Among the new products is the general availability of the Splunk Enterprise 7.2 platform, which provides insight into log files and network traffic. Splunk also announced its latest security platform updates, including the Splunk Phantom 4.1 technology, which is a Security Orchestration Automation and Response (SOAR) offering, as well as the Splunk ES (Enterprise Security) 5.2 and UBA (User Behavior Analytics) 4.2 updates. Rounding out the updates was a preview of Splunk Next, which is a set of continuously evolving technologies.
“We’ve got to find ways to work the way your data works,” Doug Merritt, president and CEO of Splunk, said during his opening keynote. “It’s all about making things happen with data.”
Merritt said that a key goal of Splunk is to enable organizations to go from a sprawl of seeming chaos to business actions. He emphasized that Splunk across all of its platforms is about helping organizations gain value from unstructured data.
“Data is the raw material for all the output that is going to be meaningfully monetized,” he said. “The people that can make things happen with data are the most valuable players on the field.”
Splunk Enterprise 7.2
Josh Klahr, vice president of product management, explained that Splunk Enterprise is the core platform that enables Splunk’s capabilities.
Among the new features in Splunk Enterprise 7.2 is one called Help Report that can alert administrators when systems hit policy-based thresholds for different system attributes, such as storage space. Storage itself is getting a major boost in Splunk Enterprise 7.2 with the new SmartStore feature that enables Splunk to separate compute from storage, which means that the Splunk storage layer can now be any Amazon S3 API-compliant object storage system.
Another new feature is Workload Management, which enables Splunk administrators to dedicate CPU and memory resources across a cluster to wherever they need to go and to enable priority assignment to different groups.
Splunk Enterprise 7.2 also adds a new source type for data called log to metrics that enables real-time data analysis with the new metrics workspace tool for visualizing data. Additionally, Splunk has taken a page from Apple’s macOS Mojave refresh and added a new optional dark theme to the dashboard display.
Security
In April, Splunk acquired SOAR vendor Phantom in a $350 million deal. Now part of Splunk, the new Phantom 4.1 release was announced, providing enhanced automation scale.
Phantom isn’t the first security vendor that Splunk has acquired. Splunk had previously expanded its security capabilities through the $190 million acquisition of User Behavior Analytics (UBA) vendor Caspida in 2015. At .conf 2018, the Splunk UBA 4.2 release was also announced, providing organizations with improved machine learning based security analytics.
Splunk Enterprise Security 5.2 was also announced at .conf, providing new SIEM (Security Information and Event Manager) capabilities. Monzy Merza, vice president of security research, said that ES 5.2 includes new security use-case libraries to help organizations with different security tasks. One of the use cases is to enable analytics for suspicious email, which maps to research and notable events. Merza said ES 5.2 also benefits from an enhanced event sequencing view.
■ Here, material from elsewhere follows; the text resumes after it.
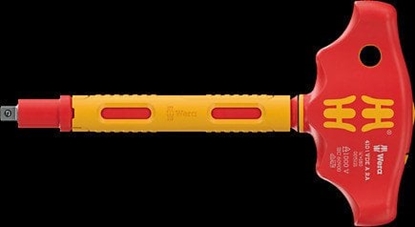 Picture of Wera 410 i VDE A RA VDE-isoliert Quergriff 1/4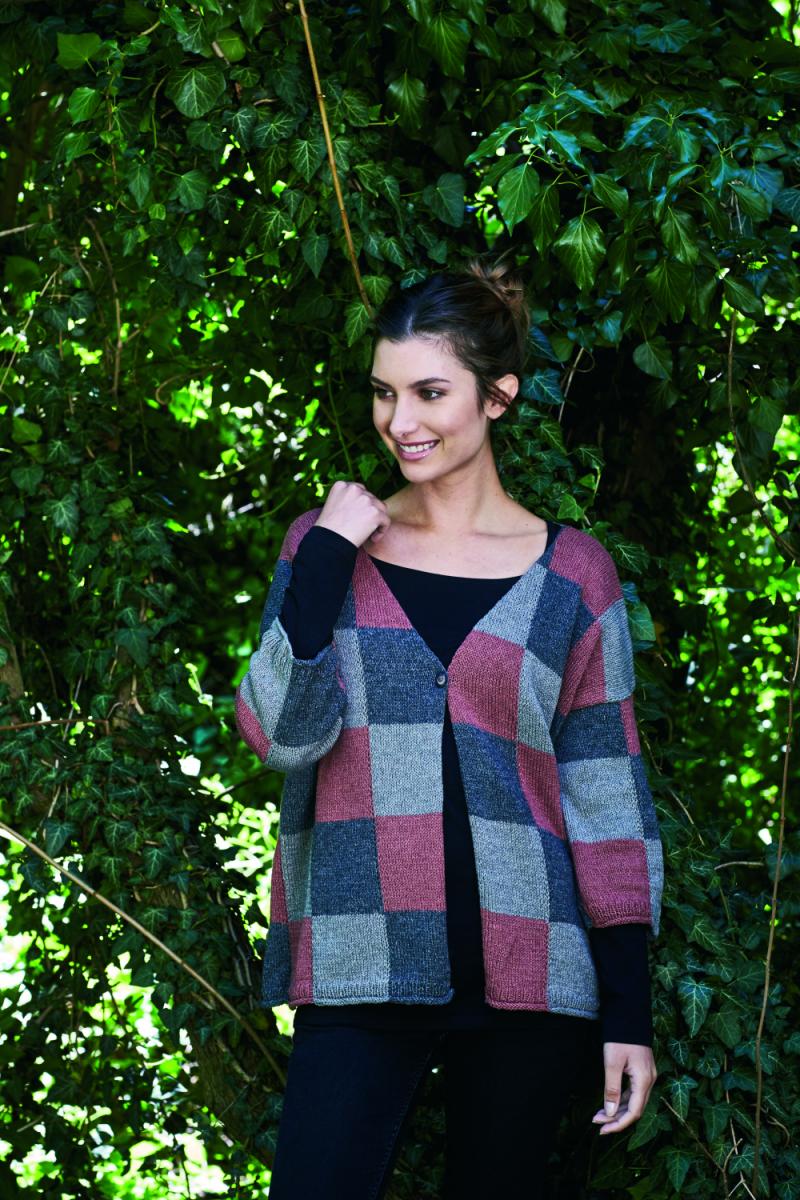 893408 Esther Strikkeopskrift - Kreativ Strikning til Alle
“Event sequencing looks at the threat from a standpoint of view so you can see everything across the kill chain,” Merza said.
Merza added that the alerts in ES 5.2 can now also be used to trigger a playbook in Phantom 4.2, which in turn will execute a series of orchestrated events to help with response and mitigation.
Splunk Next
Looking beyond its core platform and existing products, Tim Tully, senior vice president and chief technology officer, explained that Splunk Next is a set of beta tools that complement the existing Splunk platform. Among the first Splunk Next efforts is the Splunk Data Stream Processor for performing analytics on data in motion.
The Splunk Data Fabric Search is another new Splunk Next effort that will enable federated queries across multiple Splunk indexes. Another Splunk Next effort is Splunk Mobile, which Tully said brings the power of Splunk to mobile devices.